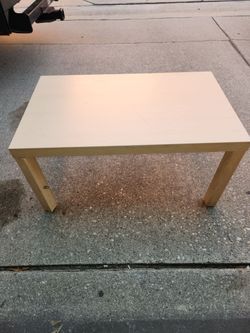 White Top Wood Coffee Table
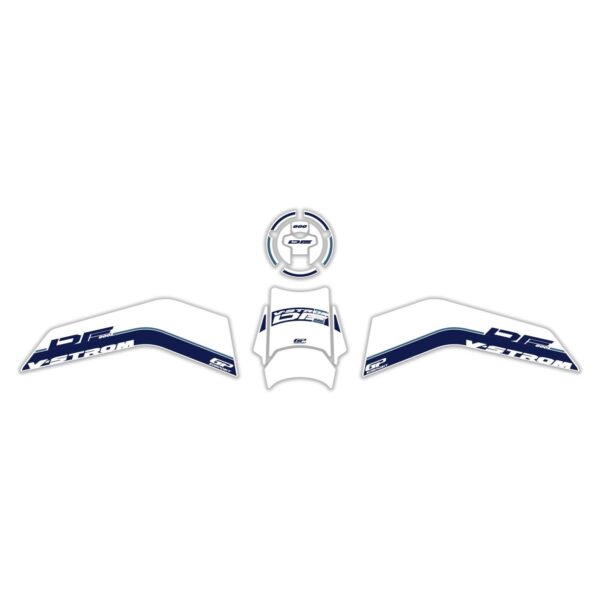 Set protecție rezervor (alb) - Suzuki V-Strom 800DE 2023-2024 de la GP Kompozit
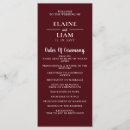 Recherche de burgundy mariage programmes Calligraphie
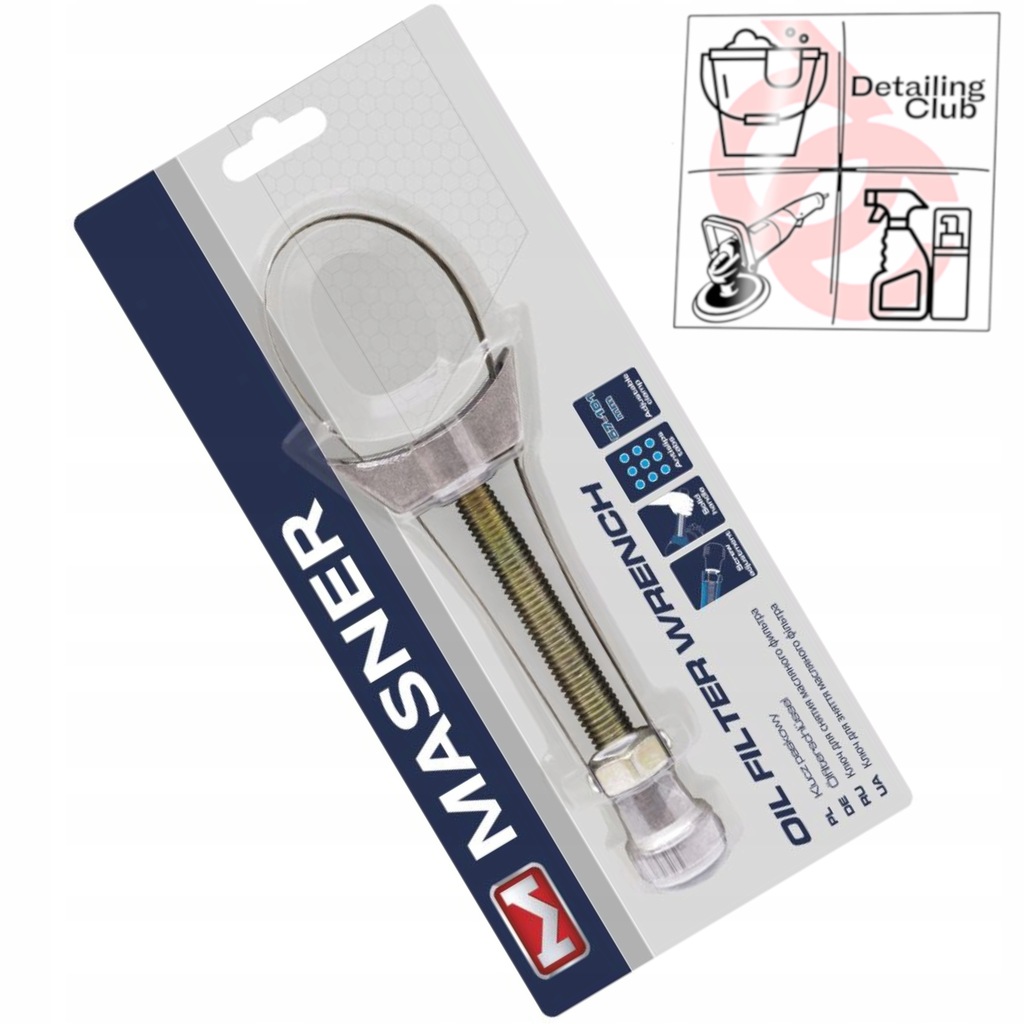 Klucz Do Filtra Oleju MASNER Taśmowy Opaskowy 57-107 mm Do Wymiany W664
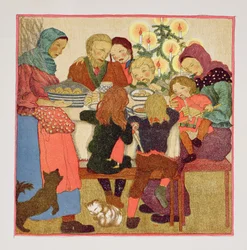 Réveillon de Noël, vers 1910, de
+++++
| What needs to be done |
Reproduce the entries above exactly, without images.

| Written solution |
 White Top Wood Coffee Table
 Set protecție rezervor (alb) - Suzuki V-Strom 800DE 2023-2024 de la GP Kompozit
 Recherche de burgundy mariage programmes Calligraphie
 Klucz Do Filtra Oleju MASNER Taśmowy Opaskowy 57-107 mm Do Wymiany W664
 Réveillon de Noël, vers 1910, de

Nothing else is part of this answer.